Would you transcribe the lines running from the one that holds "we respect india" to the last line of the records? Leave every picture out.
####
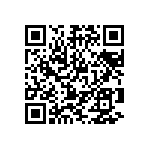 346-062-520-801 QRCode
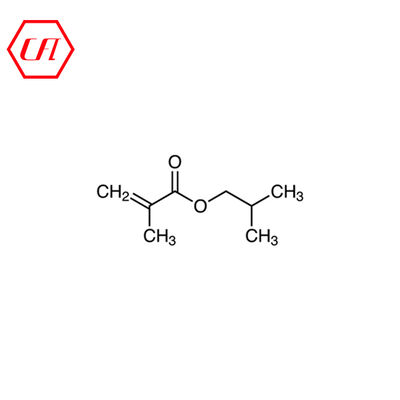 iBMA isobutil metacrilato CAS 97-86-9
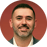 jairo-gomez-bio-profile-for-quotes copy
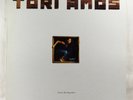 TORI AMOS ‎– Little Earthquakes   1999 German 1st Issue LP    NM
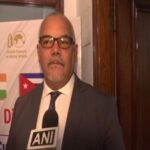 we respect india very deeply says cuban envoy – The News Mill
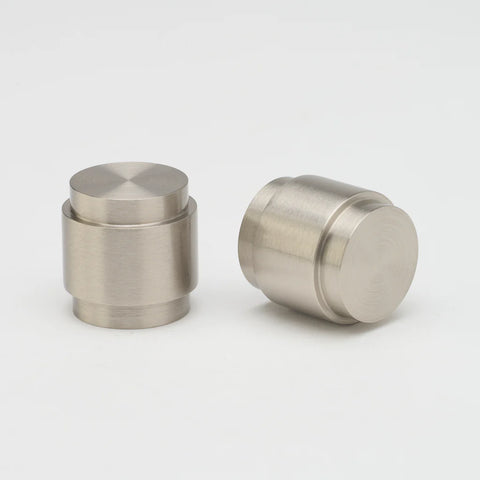 LO & CO - Lola Shower Handle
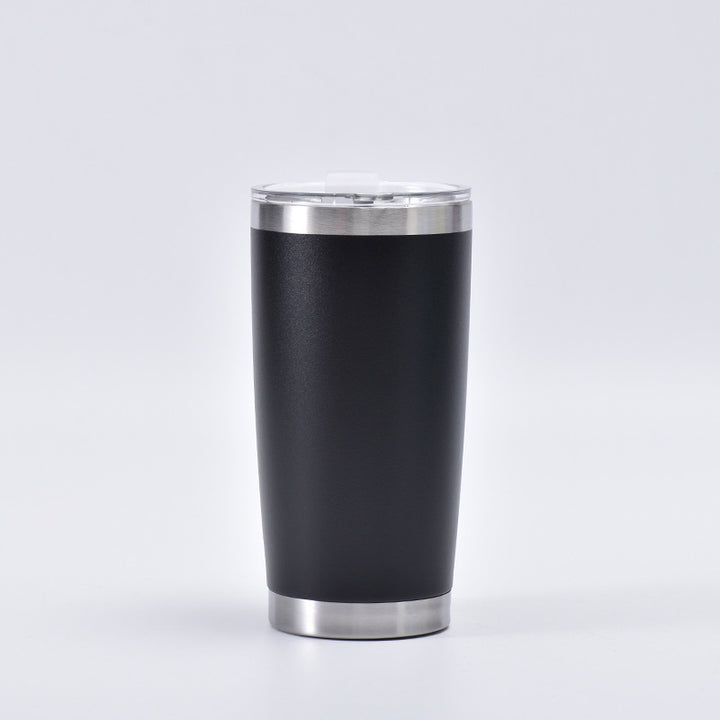 Damen Isolierter Trinkbecher Karnz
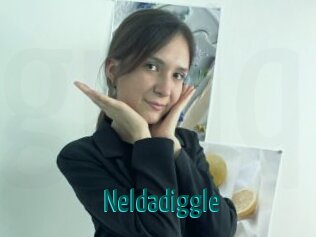 Neldadiggle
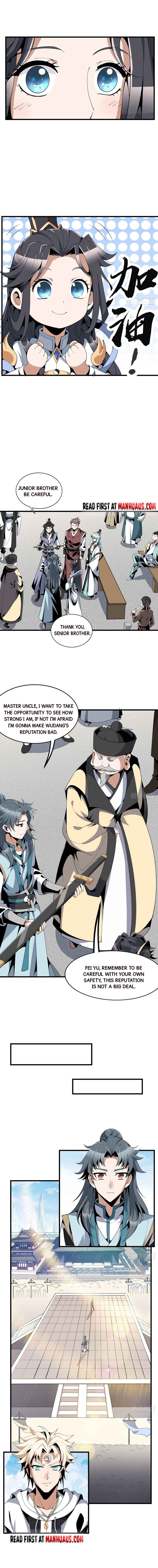 Page 2 of Chapter 16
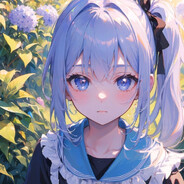 NY_TakoE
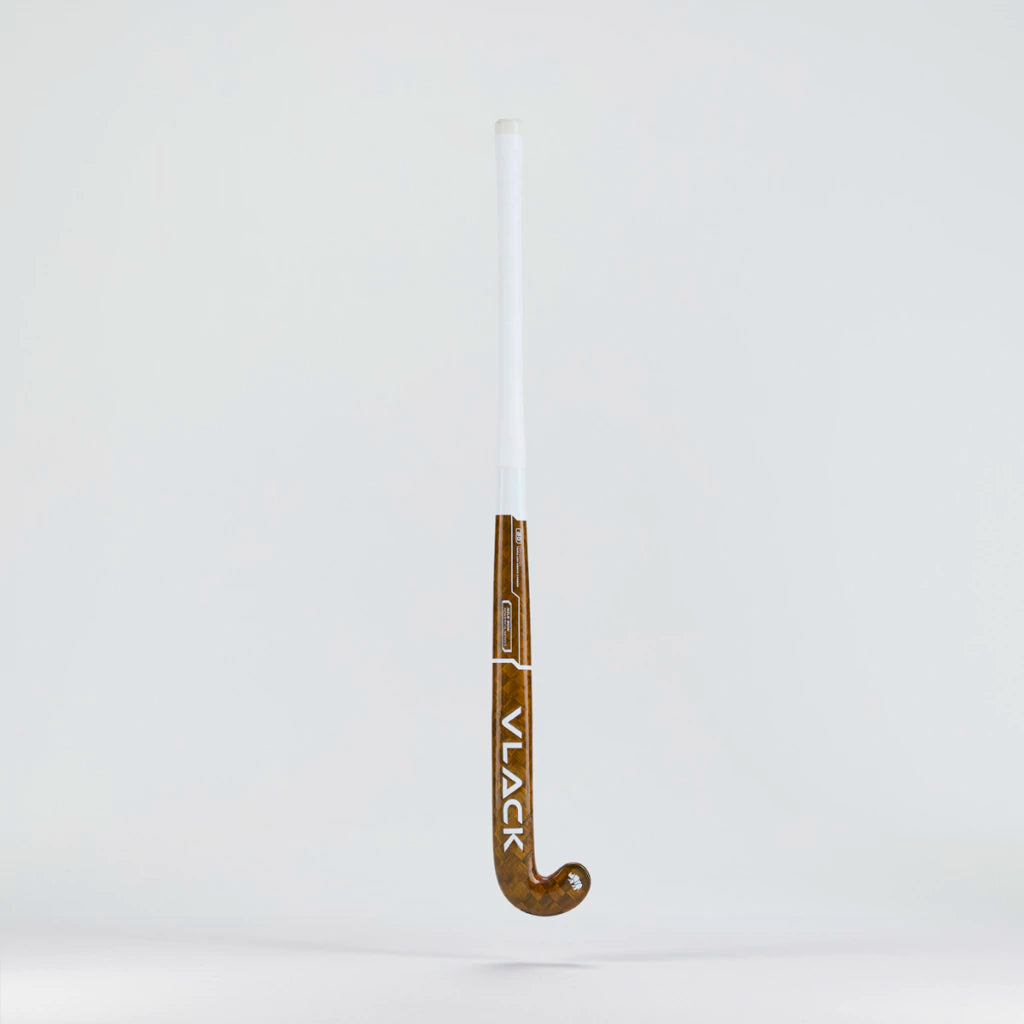 NILE BOW 80.20 GOLD New collection 2026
####
■ **TASK ANSWER**:
 we respect india very deeply says cuban envoy – The News Mill
 LO & CO - Lola Shower Handle
 Damen Isolierter Trinkbecher Karnz
 Neldadiggle
 Page 2 of Chapter 16
 NY_TakoE
 NILE BOW 80.20 GOLD New collection 2026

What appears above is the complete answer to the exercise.